**MATERIAL FOR THIS TASK:**
.....
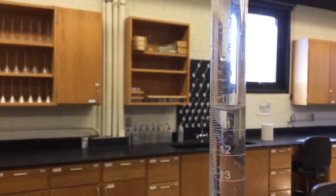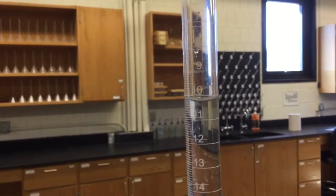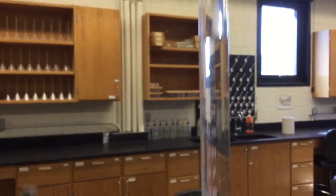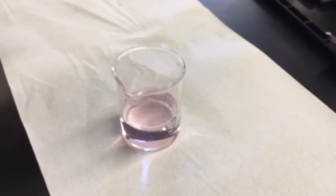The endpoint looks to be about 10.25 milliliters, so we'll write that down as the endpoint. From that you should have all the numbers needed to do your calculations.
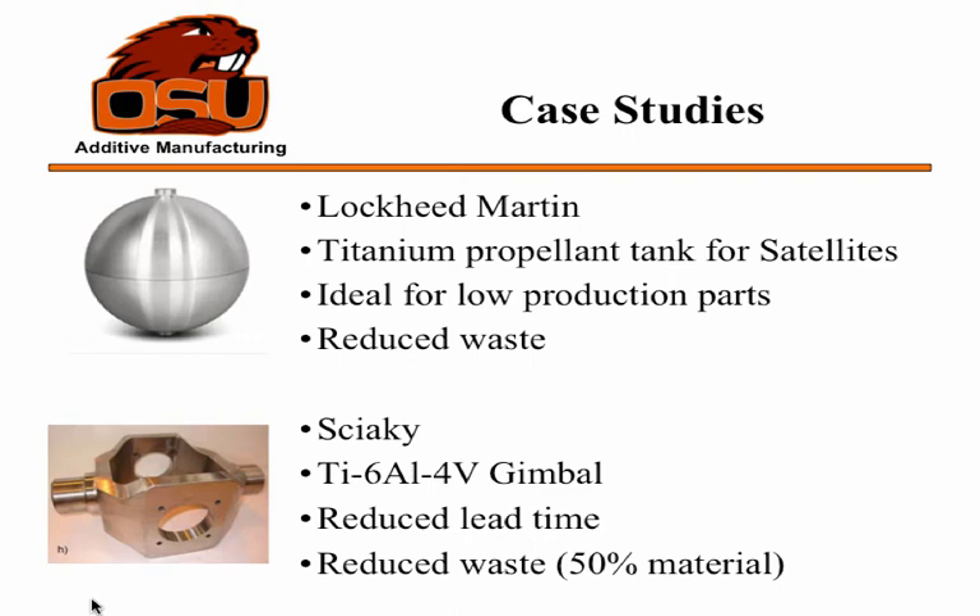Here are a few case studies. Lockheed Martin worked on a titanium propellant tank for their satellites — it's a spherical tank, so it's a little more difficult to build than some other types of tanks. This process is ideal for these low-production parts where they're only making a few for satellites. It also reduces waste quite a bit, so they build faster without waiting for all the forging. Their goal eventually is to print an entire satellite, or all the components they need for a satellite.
.....
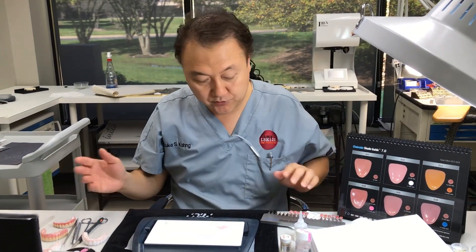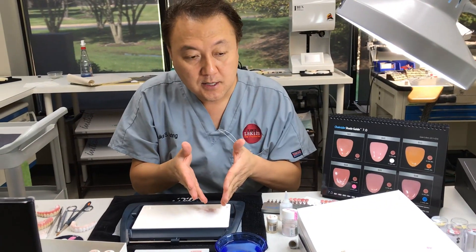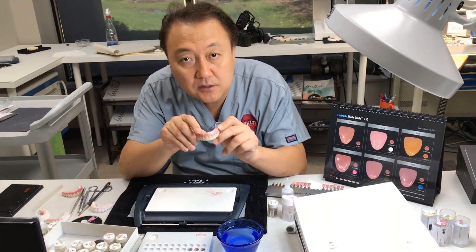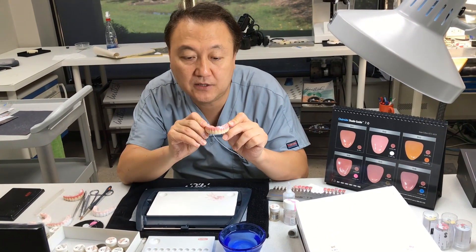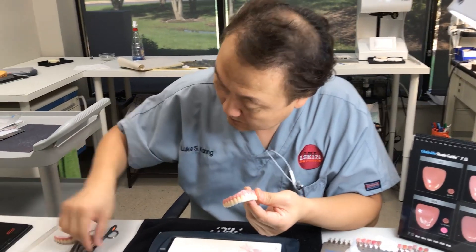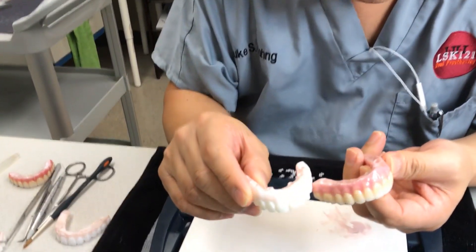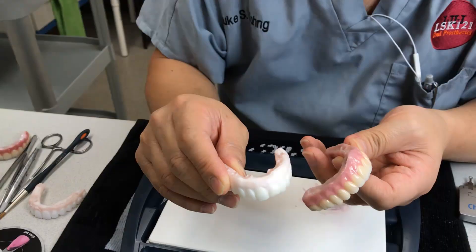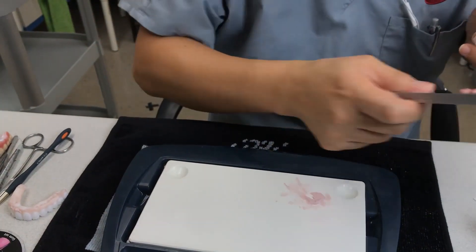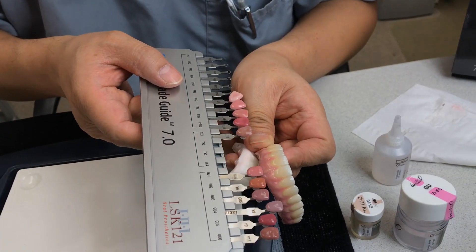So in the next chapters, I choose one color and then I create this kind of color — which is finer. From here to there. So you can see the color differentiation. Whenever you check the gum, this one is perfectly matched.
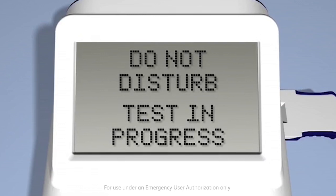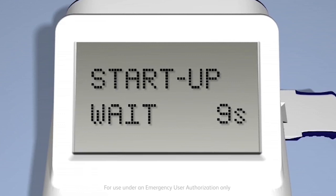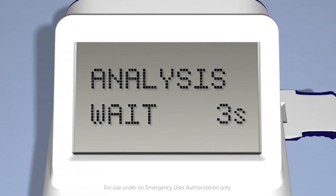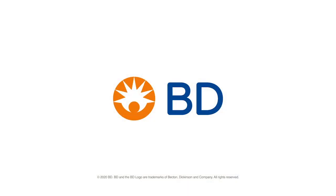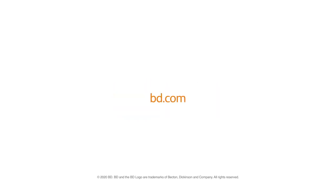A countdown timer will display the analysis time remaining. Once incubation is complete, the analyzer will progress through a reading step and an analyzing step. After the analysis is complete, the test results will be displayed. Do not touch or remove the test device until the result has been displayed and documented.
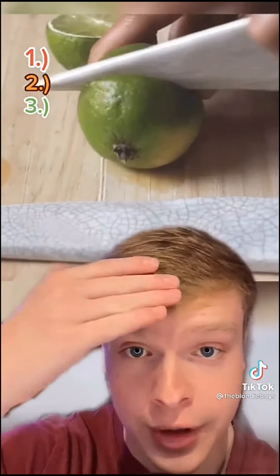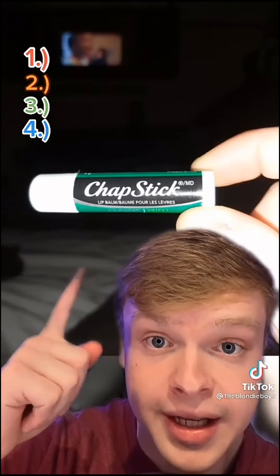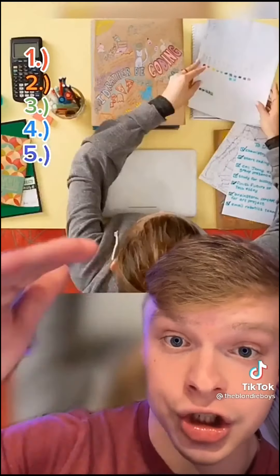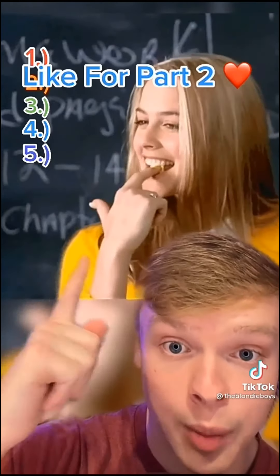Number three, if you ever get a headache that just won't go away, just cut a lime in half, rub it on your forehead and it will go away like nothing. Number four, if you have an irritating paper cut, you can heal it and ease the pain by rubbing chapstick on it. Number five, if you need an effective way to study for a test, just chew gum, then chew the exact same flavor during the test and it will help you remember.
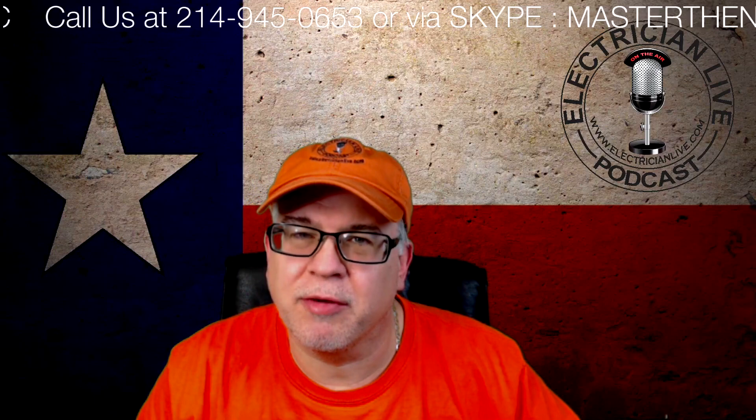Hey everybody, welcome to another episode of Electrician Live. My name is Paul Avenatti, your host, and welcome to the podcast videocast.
.....
**TASK REQUIREMENTS:** Beginning at the line that has "Number three, if" and ending at the line that has "Hey everybody, welcome", restate the listing above word for word, pictures left out.

**WRITTEN RESPONSE:**
Number three, if you ever get a headache that just won't go away, just cut a lime in half, rub it on your forehead and it will go away like nothing. Number four, if you have an irritating paper cut, you can heal it and ease the pain by rubbing chapstick on it. Number five, if you need an effective way to study for a test, just chew gum, then chew the exact same flavor during the test and it will help you remember.
Hey everybody, welcome to another episode of Electrician Live. My name is Paul Avenatti, your host, and welcome to the podcast videocast.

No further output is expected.